The phrase “1 Euro house” describes a marketing price, not the full legal bargain. The real agreement may require a renovation plan, security guarantee, professional appointment, milestone schedule and commitment to maintain or occupy the home. Those obligations—not the symbolic purchase price—determine the buyer’s risk.
Program documents vary by country and municipality. This article explains the contract questions that repeatedly matter, giving buyers a vocabulary for discussions with local independent counsel.
Read the program rules before the sale contract
A municipal opportunity may be governed by several documents: the public notice, application form, property sheet, selection decision, preliminary agreement, deed and renovation guarantee. Obligations can be spread across all of them. Ask your adviser to create one schedule showing every deadline, payment, document and consequence.
Clause 1: Property identification
The agreement should identify the exact building and parcels, not only a street description or photograph. Compare cadastral and registry references, floor area, outbuildings, shared spaces and access. If the municipality offers several ruins, make sure the chosen lot cannot be confused with another.
Clause 2: Purchase price and additional payments
Separate the symbolic price from taxes, professional fees, guarantee, application charges, registration, technical work and required renovation spend. Ask which amounts are refundable, which are held in escrow or a client account, and which become payable before ownership transfers.
Clause 3: Deposit or security guarantee
A guarantee may secure performance of the renovation rather than form part of the purchase price. Clarify:
- the amount and acceptable form;
- the institution or professional holding it;
- the conditions for release;
- whether partial release follows milestones;
- the process if the municipality alleges default;
- what happens if permission or force majeure delays the project.

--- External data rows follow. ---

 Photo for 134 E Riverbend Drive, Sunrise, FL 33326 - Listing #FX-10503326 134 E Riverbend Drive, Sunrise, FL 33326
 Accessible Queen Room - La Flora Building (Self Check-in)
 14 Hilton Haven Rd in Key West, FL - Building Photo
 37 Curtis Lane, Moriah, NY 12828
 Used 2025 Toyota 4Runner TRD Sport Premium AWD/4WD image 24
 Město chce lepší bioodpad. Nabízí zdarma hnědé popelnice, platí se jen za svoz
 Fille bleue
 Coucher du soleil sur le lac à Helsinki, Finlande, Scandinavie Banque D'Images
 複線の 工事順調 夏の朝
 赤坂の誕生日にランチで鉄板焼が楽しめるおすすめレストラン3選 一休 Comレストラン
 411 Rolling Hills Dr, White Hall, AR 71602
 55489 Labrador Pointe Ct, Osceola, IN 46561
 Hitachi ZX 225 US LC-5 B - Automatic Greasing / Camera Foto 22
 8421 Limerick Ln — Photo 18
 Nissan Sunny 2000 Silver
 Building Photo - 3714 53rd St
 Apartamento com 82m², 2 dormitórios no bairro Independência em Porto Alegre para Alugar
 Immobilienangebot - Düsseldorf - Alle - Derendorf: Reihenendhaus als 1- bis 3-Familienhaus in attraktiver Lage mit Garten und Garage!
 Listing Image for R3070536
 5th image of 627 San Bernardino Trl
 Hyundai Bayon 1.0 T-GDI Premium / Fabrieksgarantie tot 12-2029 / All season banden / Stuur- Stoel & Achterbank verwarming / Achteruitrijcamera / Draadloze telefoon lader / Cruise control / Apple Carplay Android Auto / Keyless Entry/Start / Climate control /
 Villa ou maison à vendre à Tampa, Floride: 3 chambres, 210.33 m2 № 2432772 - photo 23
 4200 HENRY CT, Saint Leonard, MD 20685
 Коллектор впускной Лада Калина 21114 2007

Clause 4: Renovation scope
“Renovate the property” is too vague for a high-stakes obligation. The documents should establish whether the buyer must merely make the building safe, complete a submitted design, achieve habitability, restore the façade, comply with energy targets or finish every interior. Confirm who approves variations and how unforeseen structural discoveries are handled.
Clause 5: Deadlines and milestones
Programs may set separate deadlines to submit a design, obtain approval, begin works and complete them. Record when each clock starts: application award, preliminary contract, deed, permit approval or handover. Ask whether administrative delays suspend the period and how an extension is requested.
Clause 6: Planning and heritage approval
The municipality selling a property does not necessarily guarantee approval of the buyer’s preferred design. Planning, heritage, structural and safety rules may involve different departments or authorities. If the business case requires an extension, terrace, rental conversion or major façade change, address that risk before unconditional purchase.
Clause 7: Proof of funds and financing
A program may require evidence that the buyer can complete the works. Determine whether bank statements, financing letters, contractor quotes or a professional cost plan are required. If financing is essential, discuss an appropriate condition and deadline with local counsel.